Referring to FIG. 1, there is shown a schematic diagram of a known "T" type unbalanced electrical attenuator network 10 including resistors R1, R2 and R3. The attenuator network 10 is arranged to provide a predetermined dissipation of electrical energy when electrically connected between an electrical energy source 12 having a resistive impedance Z1 and a load 14 having a resistive impedance Z2. The resistance of resistors R1, R2 and R3 are selected so that the input and output impedances of attenuator network 10 match the source and load impedances Z1 and Z2, respectively.
Resistors R1 and R2 are serially connected between input 16 and output terminals 18 of attenuator network 10. A resistor R3 is connected between the junction 20 of resistors R1 and R2 and grounded line 22. The method for determining the values of R1, R2 and R3 for a specified attenuation and input and output impedance is well-known and disclosed in a book entitled "Reference Data for Radio Engineers", 5th edition, published by Howard W. Sams & Co.
The typical prior art approach for fabricating T and π attenuators for use in a microstrip circuit involves assembling chip resistors in series and shunt.
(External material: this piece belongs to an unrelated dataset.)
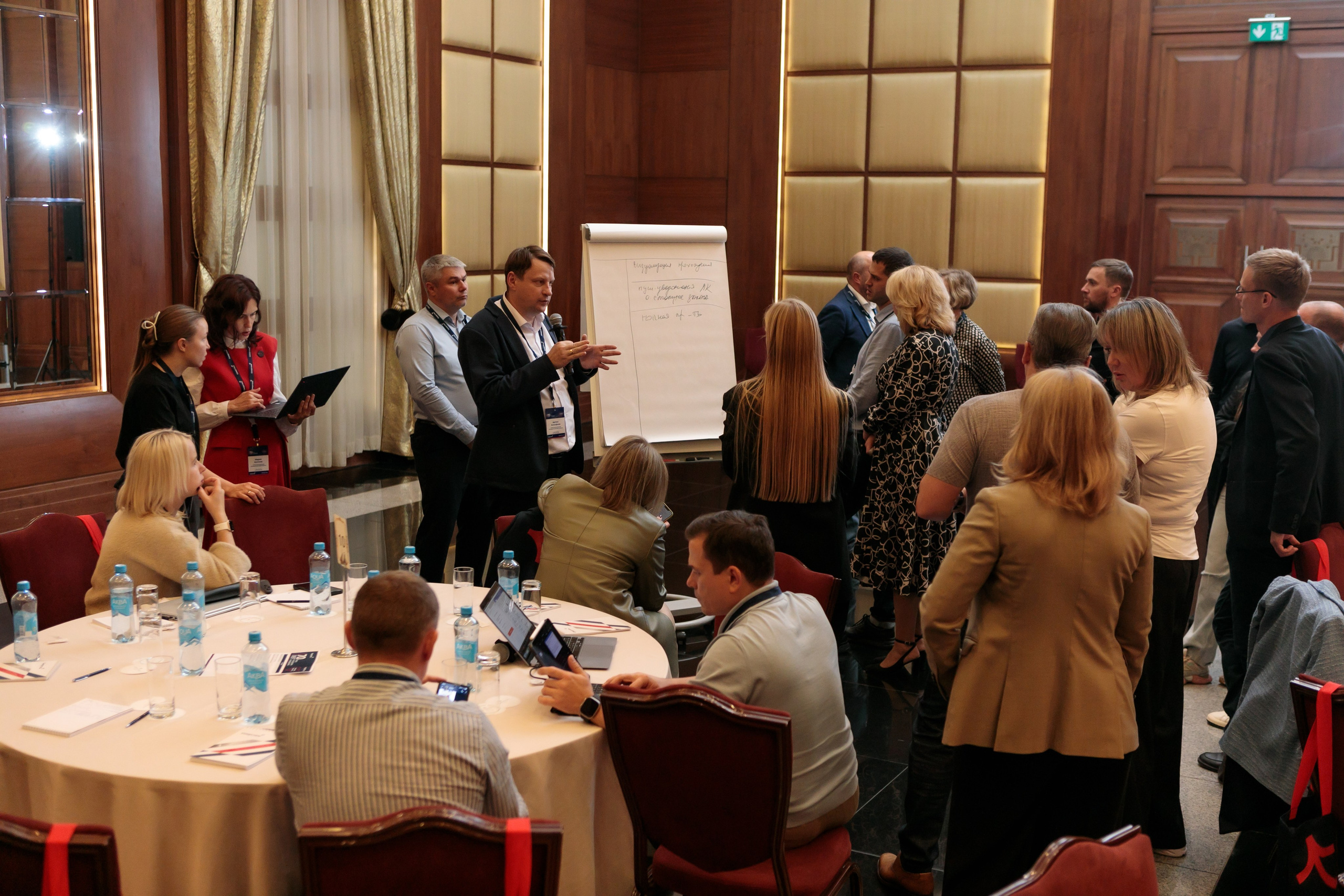 Конференции | Деловой репортаж. Брук Артём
Not only is assembly cumbersome, but this approach severely limits the operating bandwidth and frequency. It is difficult to achieve a good ground return for the shunt resistor at high microwave frequencies. Furthermore, the parasitics of additional line length and inductance introduced by the shunt resistor and its connection to ground limit the useful operating frequency range of this approach.
It is an important object of this invention to provide an improved microwave attenuator.
It is a further object of the invention to achieve the preceding object for use in a microstrip circuit.
It is a further object of the invention to achieve one or more of the preceding objects while overcoming one or more of the problems described above.
It is a further object of the invention to achieve one or more of the preceding objects with structure that facilitates assembly.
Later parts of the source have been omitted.